## Description of the task:
Find how many lines in the data below mention "Produktbild". Give the number only.

============================================================

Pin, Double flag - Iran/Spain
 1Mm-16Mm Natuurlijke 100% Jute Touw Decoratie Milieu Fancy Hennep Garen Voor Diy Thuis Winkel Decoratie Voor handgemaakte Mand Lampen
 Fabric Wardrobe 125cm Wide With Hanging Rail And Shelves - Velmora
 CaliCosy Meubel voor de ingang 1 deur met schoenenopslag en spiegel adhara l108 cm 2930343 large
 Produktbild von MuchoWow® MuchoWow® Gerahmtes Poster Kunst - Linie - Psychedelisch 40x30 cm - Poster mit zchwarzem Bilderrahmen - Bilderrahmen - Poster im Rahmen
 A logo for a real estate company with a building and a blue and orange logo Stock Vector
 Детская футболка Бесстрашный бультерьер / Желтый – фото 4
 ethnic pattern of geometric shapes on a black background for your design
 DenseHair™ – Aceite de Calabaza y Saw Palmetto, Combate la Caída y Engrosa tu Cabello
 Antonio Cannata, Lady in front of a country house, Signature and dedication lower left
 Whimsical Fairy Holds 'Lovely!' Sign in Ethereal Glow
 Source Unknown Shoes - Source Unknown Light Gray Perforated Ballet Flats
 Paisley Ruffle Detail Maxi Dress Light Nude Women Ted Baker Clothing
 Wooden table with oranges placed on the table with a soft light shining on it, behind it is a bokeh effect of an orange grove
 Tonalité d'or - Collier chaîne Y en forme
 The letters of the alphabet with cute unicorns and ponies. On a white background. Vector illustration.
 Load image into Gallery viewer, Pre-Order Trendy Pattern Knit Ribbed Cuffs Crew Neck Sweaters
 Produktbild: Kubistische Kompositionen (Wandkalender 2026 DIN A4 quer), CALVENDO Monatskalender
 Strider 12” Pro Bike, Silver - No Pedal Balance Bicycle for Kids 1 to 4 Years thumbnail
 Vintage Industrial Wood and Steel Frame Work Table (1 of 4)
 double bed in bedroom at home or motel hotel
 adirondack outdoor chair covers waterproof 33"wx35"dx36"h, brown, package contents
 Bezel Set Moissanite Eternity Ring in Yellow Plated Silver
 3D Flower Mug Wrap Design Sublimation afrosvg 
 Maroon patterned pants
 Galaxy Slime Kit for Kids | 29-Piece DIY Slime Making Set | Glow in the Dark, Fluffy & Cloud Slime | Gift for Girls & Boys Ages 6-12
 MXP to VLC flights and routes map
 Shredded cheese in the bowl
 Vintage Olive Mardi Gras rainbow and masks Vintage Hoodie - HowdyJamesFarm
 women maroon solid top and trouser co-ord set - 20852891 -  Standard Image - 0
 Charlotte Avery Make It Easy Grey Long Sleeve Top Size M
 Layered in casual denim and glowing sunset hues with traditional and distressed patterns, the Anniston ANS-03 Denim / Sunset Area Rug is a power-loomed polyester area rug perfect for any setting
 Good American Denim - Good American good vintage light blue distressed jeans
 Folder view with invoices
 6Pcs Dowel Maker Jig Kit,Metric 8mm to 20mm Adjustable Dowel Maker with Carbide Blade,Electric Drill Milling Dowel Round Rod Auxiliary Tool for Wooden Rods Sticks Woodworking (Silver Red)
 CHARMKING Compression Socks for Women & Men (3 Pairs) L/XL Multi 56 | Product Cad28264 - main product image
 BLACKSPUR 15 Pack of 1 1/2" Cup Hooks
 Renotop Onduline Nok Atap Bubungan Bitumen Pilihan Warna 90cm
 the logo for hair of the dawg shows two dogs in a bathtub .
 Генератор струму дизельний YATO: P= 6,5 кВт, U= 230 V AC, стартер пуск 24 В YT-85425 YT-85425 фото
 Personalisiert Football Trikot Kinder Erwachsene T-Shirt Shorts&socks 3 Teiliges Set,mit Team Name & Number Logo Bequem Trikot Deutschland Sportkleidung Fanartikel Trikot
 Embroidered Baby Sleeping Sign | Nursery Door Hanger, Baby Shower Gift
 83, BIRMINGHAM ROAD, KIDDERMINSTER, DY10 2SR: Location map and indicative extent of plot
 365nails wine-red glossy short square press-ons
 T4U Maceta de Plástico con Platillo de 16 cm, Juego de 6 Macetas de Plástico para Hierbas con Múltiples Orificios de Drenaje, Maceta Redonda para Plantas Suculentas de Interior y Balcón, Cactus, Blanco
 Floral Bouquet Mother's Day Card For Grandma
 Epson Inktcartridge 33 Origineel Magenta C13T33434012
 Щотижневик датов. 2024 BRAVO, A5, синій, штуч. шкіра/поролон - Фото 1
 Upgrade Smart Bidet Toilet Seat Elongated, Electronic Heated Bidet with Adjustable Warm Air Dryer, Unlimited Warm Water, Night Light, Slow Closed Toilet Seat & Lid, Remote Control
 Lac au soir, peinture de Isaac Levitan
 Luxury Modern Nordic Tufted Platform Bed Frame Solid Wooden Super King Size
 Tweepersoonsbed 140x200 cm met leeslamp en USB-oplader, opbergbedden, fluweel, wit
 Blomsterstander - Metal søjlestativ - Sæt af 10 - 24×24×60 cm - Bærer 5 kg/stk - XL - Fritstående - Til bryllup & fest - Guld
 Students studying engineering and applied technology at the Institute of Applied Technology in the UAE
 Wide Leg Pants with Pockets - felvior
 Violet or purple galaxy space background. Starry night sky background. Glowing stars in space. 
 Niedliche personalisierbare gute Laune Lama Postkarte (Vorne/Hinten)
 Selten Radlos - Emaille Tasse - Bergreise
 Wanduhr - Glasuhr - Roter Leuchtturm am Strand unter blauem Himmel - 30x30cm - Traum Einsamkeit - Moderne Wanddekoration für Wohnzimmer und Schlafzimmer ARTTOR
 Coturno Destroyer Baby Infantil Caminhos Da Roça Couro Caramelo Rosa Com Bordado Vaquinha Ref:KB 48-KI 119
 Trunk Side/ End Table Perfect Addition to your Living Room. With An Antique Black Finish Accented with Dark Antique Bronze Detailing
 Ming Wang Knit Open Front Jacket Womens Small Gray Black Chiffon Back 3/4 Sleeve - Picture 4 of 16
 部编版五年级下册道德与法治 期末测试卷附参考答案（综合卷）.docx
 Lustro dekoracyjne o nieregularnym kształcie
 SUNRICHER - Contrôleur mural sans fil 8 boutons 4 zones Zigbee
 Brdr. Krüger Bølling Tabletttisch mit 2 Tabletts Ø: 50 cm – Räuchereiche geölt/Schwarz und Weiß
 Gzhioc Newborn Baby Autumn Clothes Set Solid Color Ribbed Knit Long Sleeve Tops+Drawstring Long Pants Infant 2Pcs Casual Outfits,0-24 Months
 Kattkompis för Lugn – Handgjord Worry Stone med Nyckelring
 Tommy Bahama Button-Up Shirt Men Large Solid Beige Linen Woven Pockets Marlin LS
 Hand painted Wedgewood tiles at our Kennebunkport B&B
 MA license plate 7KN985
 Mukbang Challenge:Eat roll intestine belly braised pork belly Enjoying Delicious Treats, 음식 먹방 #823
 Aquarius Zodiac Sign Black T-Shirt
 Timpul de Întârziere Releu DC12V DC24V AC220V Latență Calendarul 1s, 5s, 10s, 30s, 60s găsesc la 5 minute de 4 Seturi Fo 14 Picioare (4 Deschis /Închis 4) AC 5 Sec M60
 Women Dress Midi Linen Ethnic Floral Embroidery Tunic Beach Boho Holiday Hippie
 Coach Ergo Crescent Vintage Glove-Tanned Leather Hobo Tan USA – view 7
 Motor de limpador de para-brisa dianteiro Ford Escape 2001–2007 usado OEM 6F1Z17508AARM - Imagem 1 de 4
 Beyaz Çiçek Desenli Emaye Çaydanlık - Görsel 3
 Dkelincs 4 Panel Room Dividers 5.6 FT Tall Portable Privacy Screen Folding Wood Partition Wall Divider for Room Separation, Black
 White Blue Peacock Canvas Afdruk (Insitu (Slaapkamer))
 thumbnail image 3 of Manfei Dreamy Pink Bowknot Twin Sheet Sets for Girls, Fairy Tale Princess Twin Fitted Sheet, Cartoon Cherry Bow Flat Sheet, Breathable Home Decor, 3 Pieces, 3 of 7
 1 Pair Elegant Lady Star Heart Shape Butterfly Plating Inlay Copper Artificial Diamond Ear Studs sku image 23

============================================================

## Solution to the exercise:
2